AVAILABLE DATA:

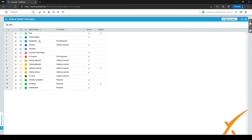There is also a status called Dispatched, which in many situations is used to signify when one tech sends a ticket to another tech. So they get the status Dispatched — meaning: I have this ticket but I've sent it to another colleague, or I've received this ticket from another colleague.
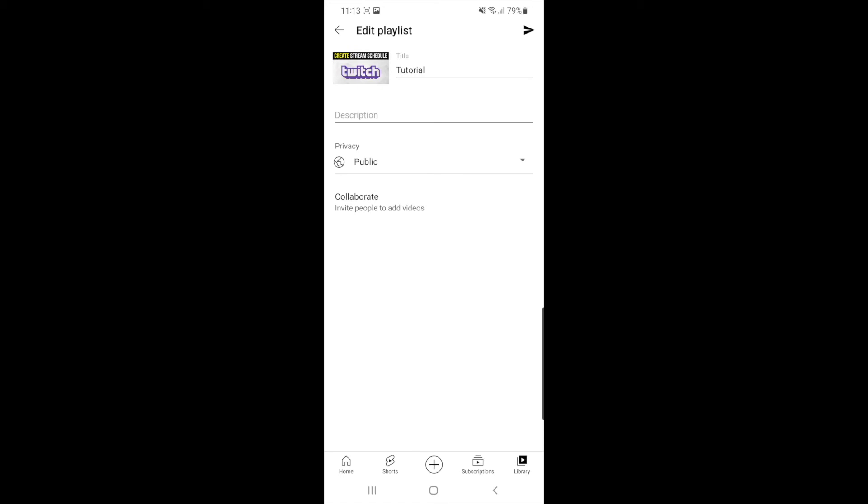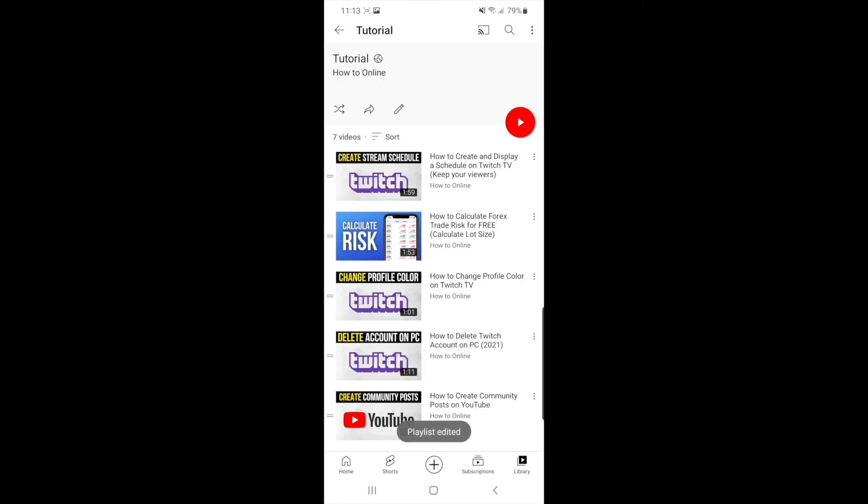If you are happy with that you can click on the little arrow icon in the top right hand corner. Once you do that, as you can see this playlist is now a public playlist. So it's just that simple guys.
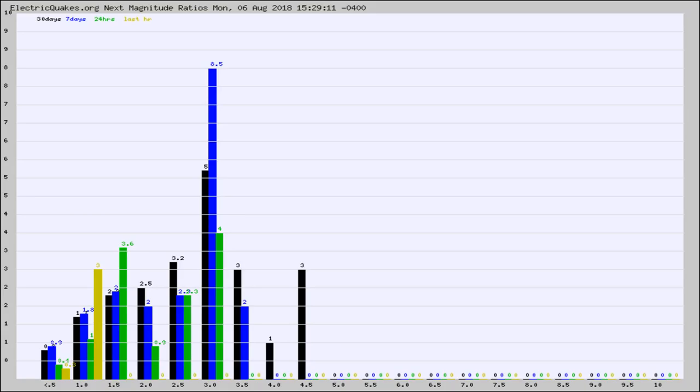Again, the black column is 30 days, blue is 7, green is 24 hours, and gold is in the last hour.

WHAT IS NEEDED:
Would you provide an exact, picture-free copy of the data above?

SOLUTION TO THIS PROBLEM:
There is also a status called Dispatched, which in many situations is used to signify when one tech sends a ticket to another tech. So they get the status Dispatched — meaning: I have this ticket but I've sent it to another colleague, or I've received this ticket from another colleague.
If you are happy with that you can click on the little arrow icon in the top right hand corner. Once you do that, as you can see this playlist is now a public playlist. So it's just that simple guys.
Again, the black column is 30 days, blue is 7, green is 24 hours, and gold is in the last hour.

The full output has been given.